Related Repositories:

Related Data:

Setup

  1. It is assumed that you have Python 3.7 installed. (Other versions are not tested.)
  2. Set up a virtual environment and activate it. (This is not required but recommended.)
  3. Install the required packages pip install -r requirements.txt.

Usage

Download or Generate the Data

One option is to generate the required data yourself using https://github.com/QuantLaw/legal-data-preprocessing (also available at https://doi.org/10.5281/zenodo.4070772).

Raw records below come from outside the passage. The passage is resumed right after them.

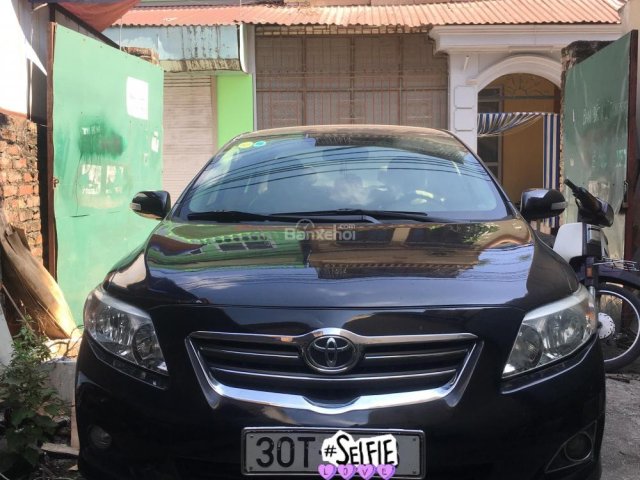 Bán xe Toyota Altis 1.8G MT số sàn, sản xuất năm 2009, màu đen, giá chỉ 425 triệu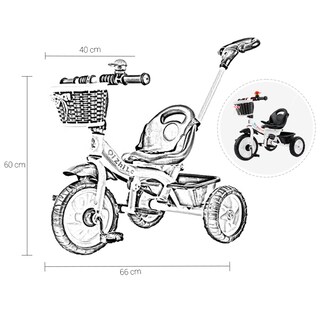 Foto 5 | Triciclo Plegable Portátil Shendy Vendy tipo Carriola Reclinable 2 en 1
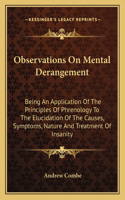 Observations On Mental Derangement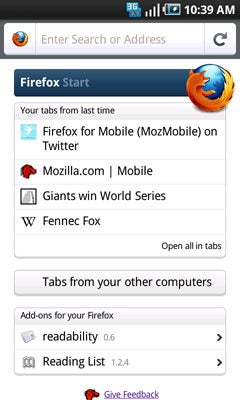 Beta 5 version of Firefox 4 for Android is released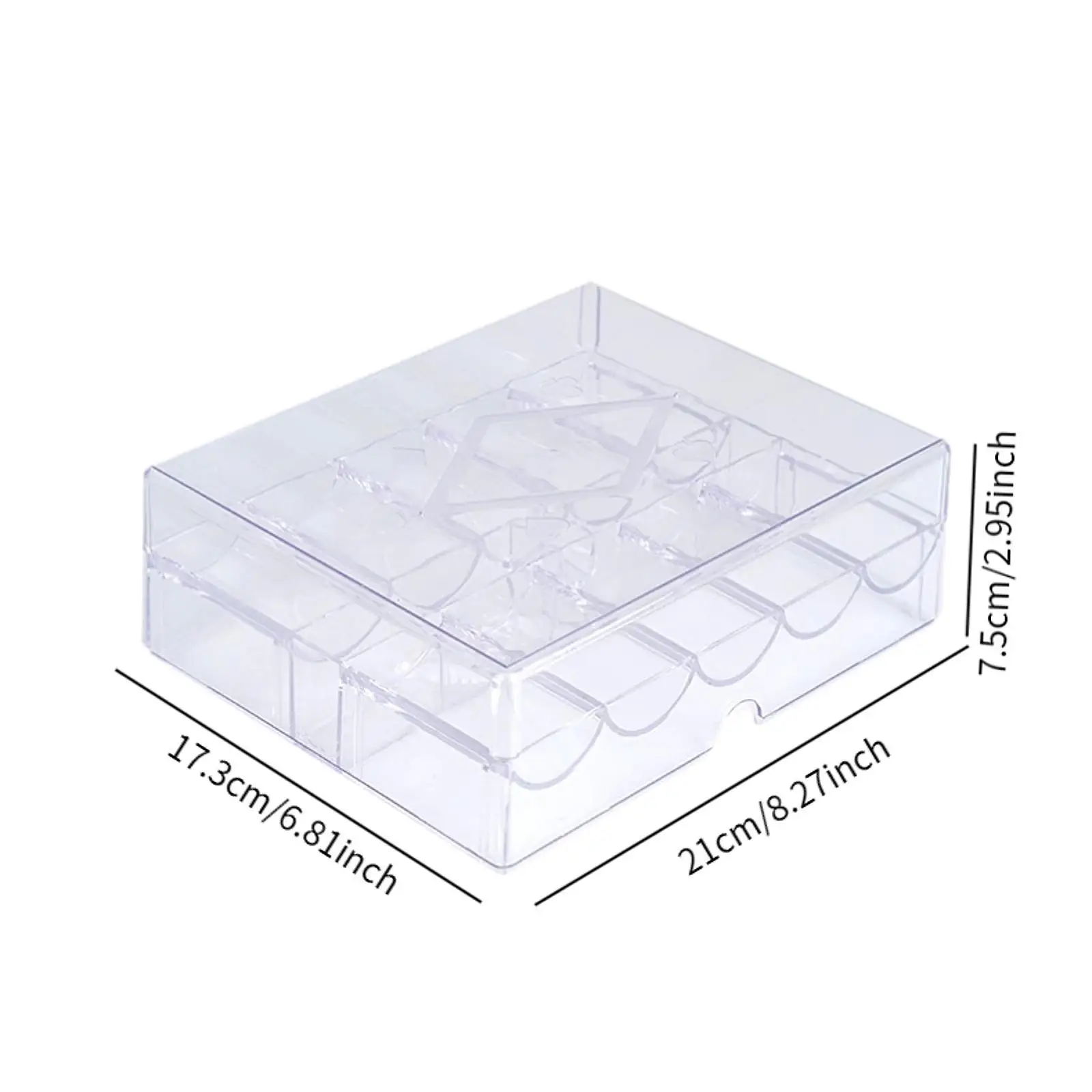 Akrylowa przezroczysta obudowa na wióry Pyłoszczelny uchwyt na wióry do podróży rodzinnej gry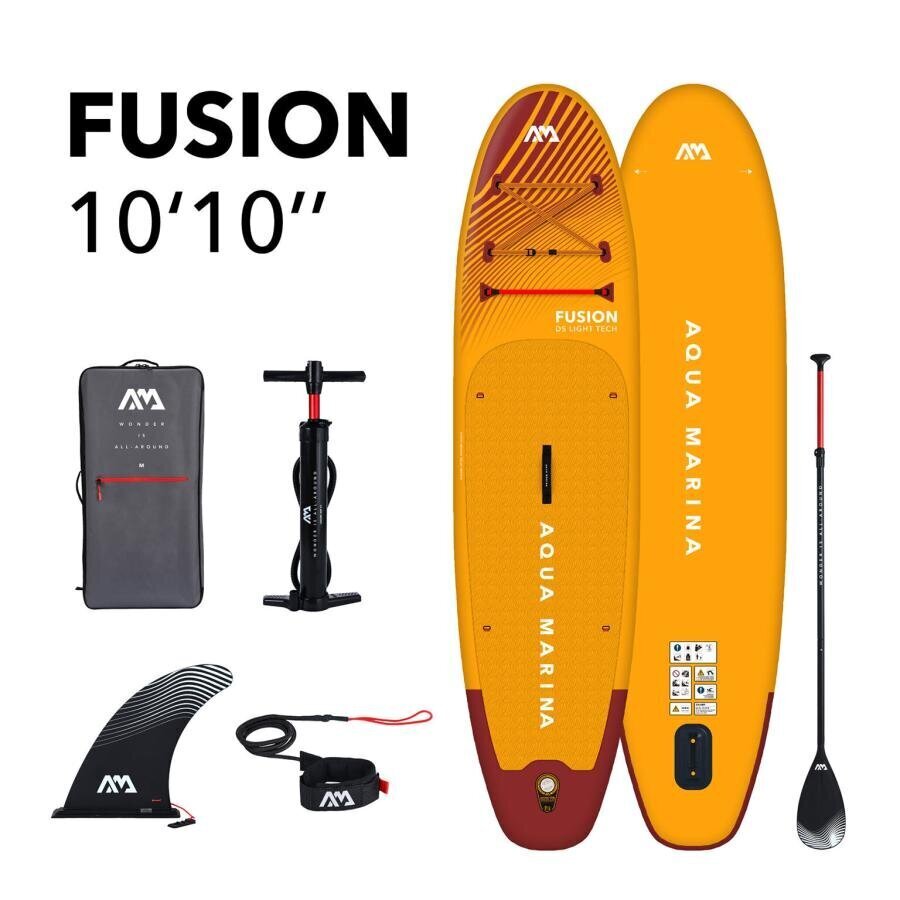 Ilmatäytteinen SUP-lauta Aqua Marina Fusion 3,30 m, oranssi hinta ja tiedot | SUP-laudat | hobbyhall.fi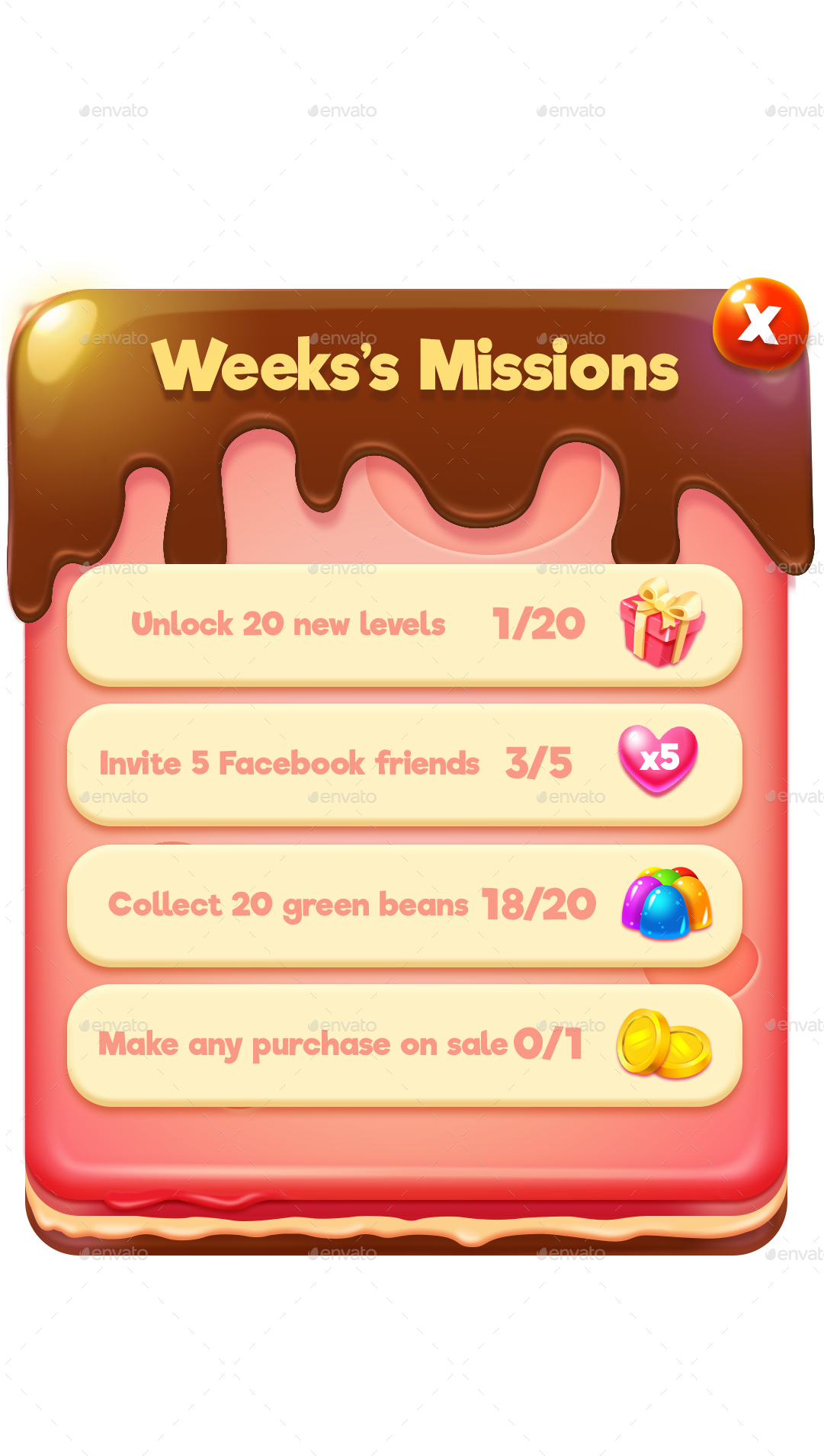 Weekly Missions Game Interface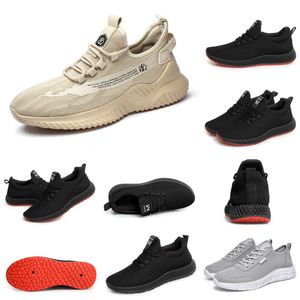 6UME Scarpe da corsa comode da uomo casual traspirante solido Nero grigio scuro Beige donna Accessori di buona qualità Sport estate Moda scarpa da passeggio 13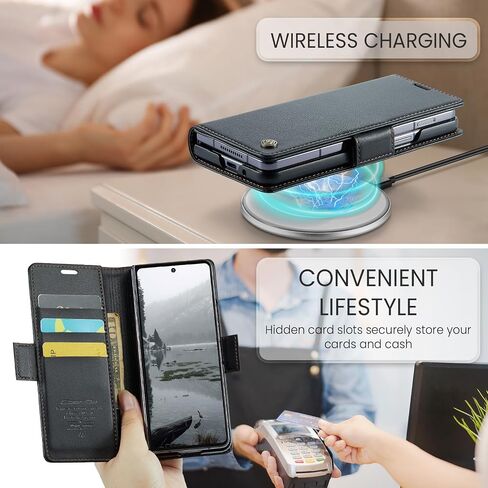 Designed for Samsung Galaxy Z Fold 7 Case (2025),PU Leather Wallet Flip Folio Case with Card Holder RFID Blocking Kickstand Shockproof Phone Cover for Samsung Galaxy Z Fold 7 5G (Blue) in Saudi Arabia
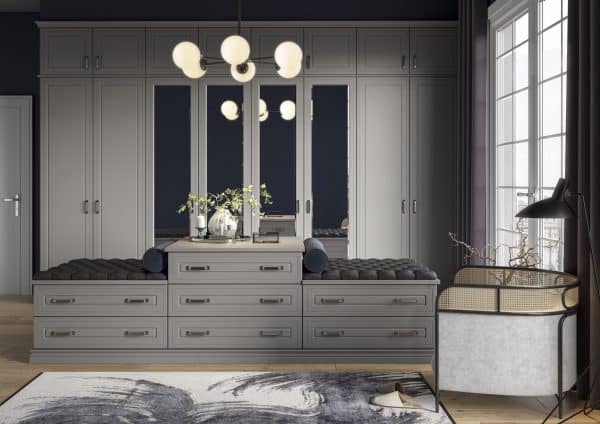 Foxton mirrored fitted wardrobes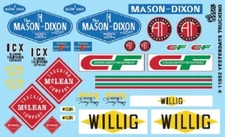 Gofer Racing 1/24-1/25 Yesterday's Trucking decals 11052 x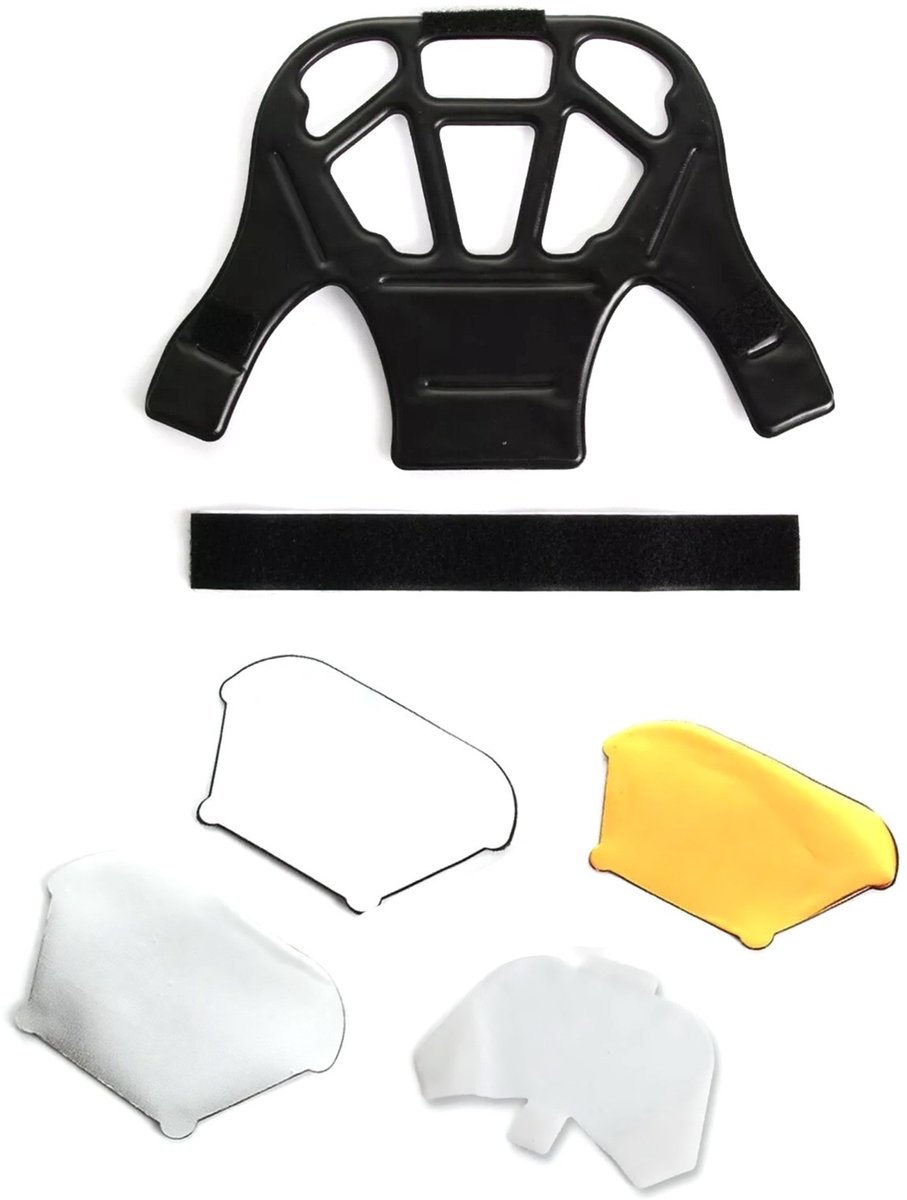Geschikt voor Camera Flash Diffuser Light Bounce 3 Color Reflector Board Geschikt voor Nissin Geschikt voor Canon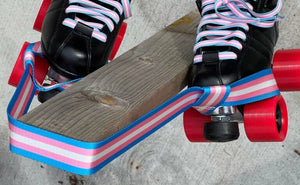 Derby Laces Skate Gear Leash 54 inch (137 cm) Trans Stripe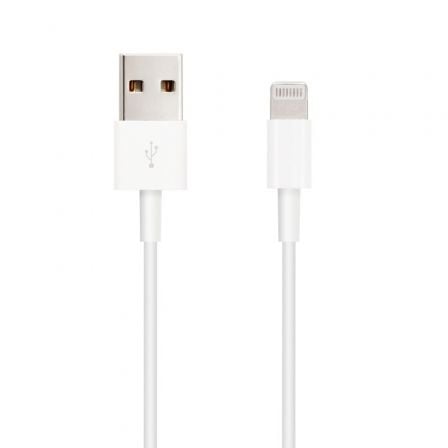 art_nan-cab20ligh20102010200400_1.jpg Cable USB 2.0 Lightning Nanocable 10.10.0400/ USB Macho - Lightning Macho/ 50 cm/ Blanco - Imagen 1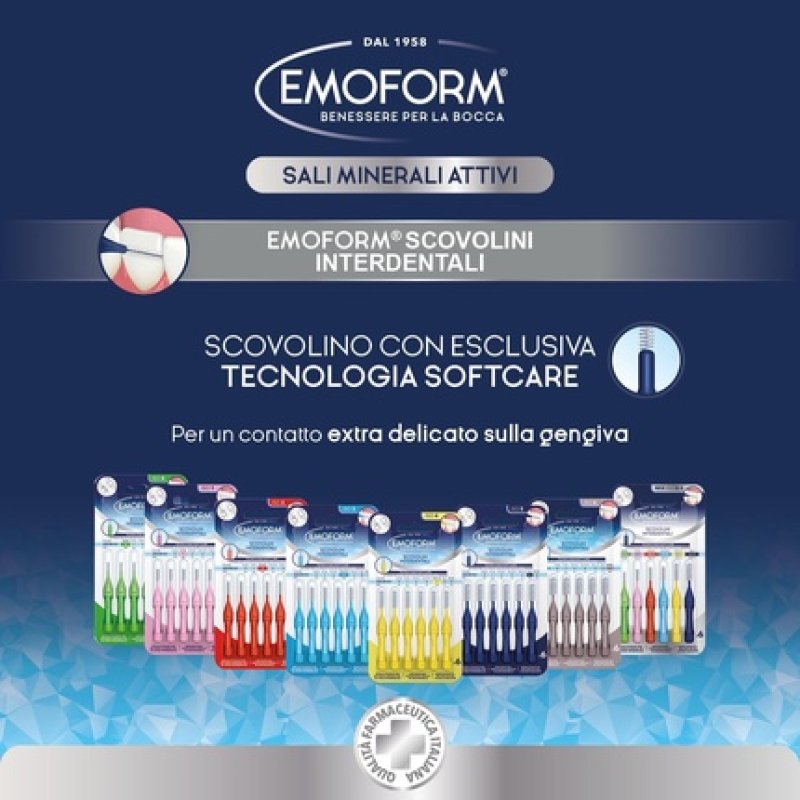 Interdental Brush Emoform with SoftCare Technology for Gentle Gum Contact with Soft Bristles - Ergonomic and Non-Slip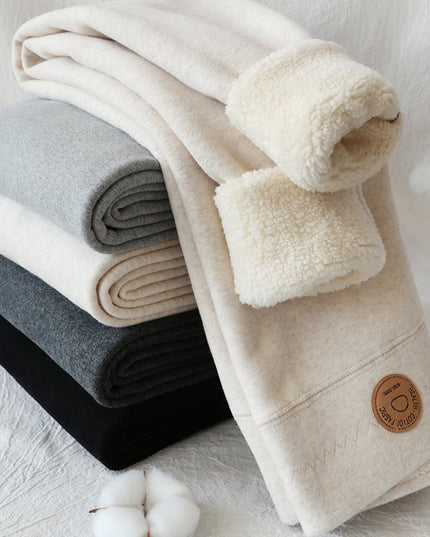 Damskie spodnie zimowe legginsy ocieplane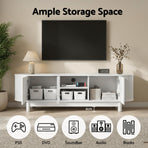 Artiss TV Unit Entertainment Unit Storage Cabinet 160cm White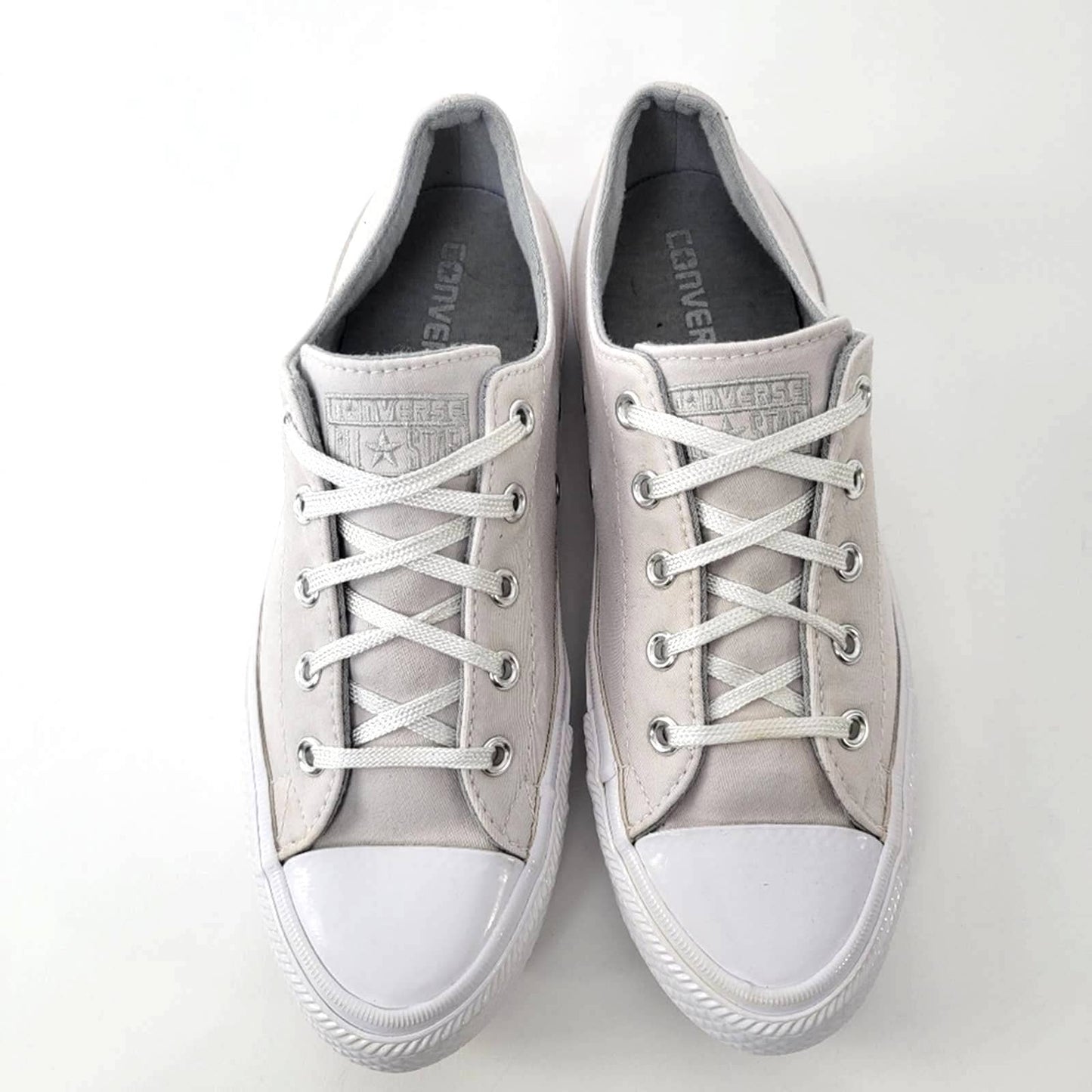Converse Chuck Taylor All Star Gemma Low White Sneakers - 7.5
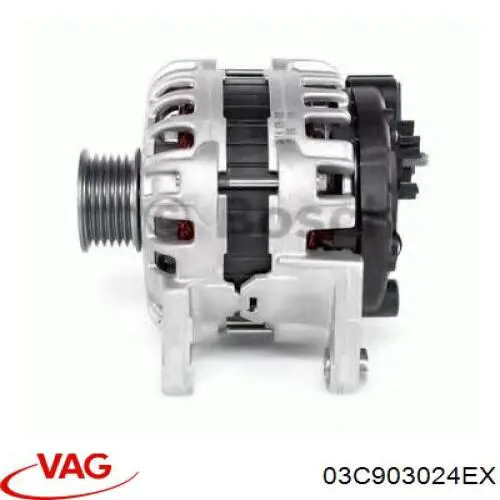 Alternador del motor VAG 03C903024EX precio, desde 221,41 EUR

Another option is to use the generated data from the related datasets (see above). This repository also contains the clustering results. To execute the clustering, you only need the following directories, other directories should be removed as otherwise clustering steps might be skipped.

Required files for Germany relative to this repository

  • ../legal-networks-data/de/2_xml
  • ../legal-networks-data/de/4_crossreference_graph
  • ../legal-networks-data/de/5_snapshot_mapping_edgelist

Required files for USA relative to this repository

  • ../legal-networks-data/us/2_xml
  • ../legal-networks-data/us/4_crossreference_graph
  • ../legal-networks-data/us/5_snapshot_mapping_edgelist

The combined data of statutes and regulations is located in the de_reg and us_reg folders next to the de and us folders.

Run

Run ./run_example_configs.sh to preprocess the graphs in multiple configurations, cluster them, and map the clusterings over all available years.

The following steps will be executed:

  1. Preprocessing Simplify the graphs so that they can serve as input for clustering algorithms.
  2. Cluster Perform the clustering with infomap or louvain.
  3. Cluster Texts Collect the text for each cluster. (This step can only be performed if the text data is available ../legal-networks-data/{us,de,us_reg,de_reg}/2_xml.)
  4. Cluster Evolution Mappings Map the clusters over time.
  5. Cluster Evolution Graph Create a graph with clusters as nodes and edges indicating the dynamics of nodes between snapshots.
  6. Cluster Inspection Inspect the content of individual clusters.
  7. Cluster Evolution Inspection Inspect the content of cluster families.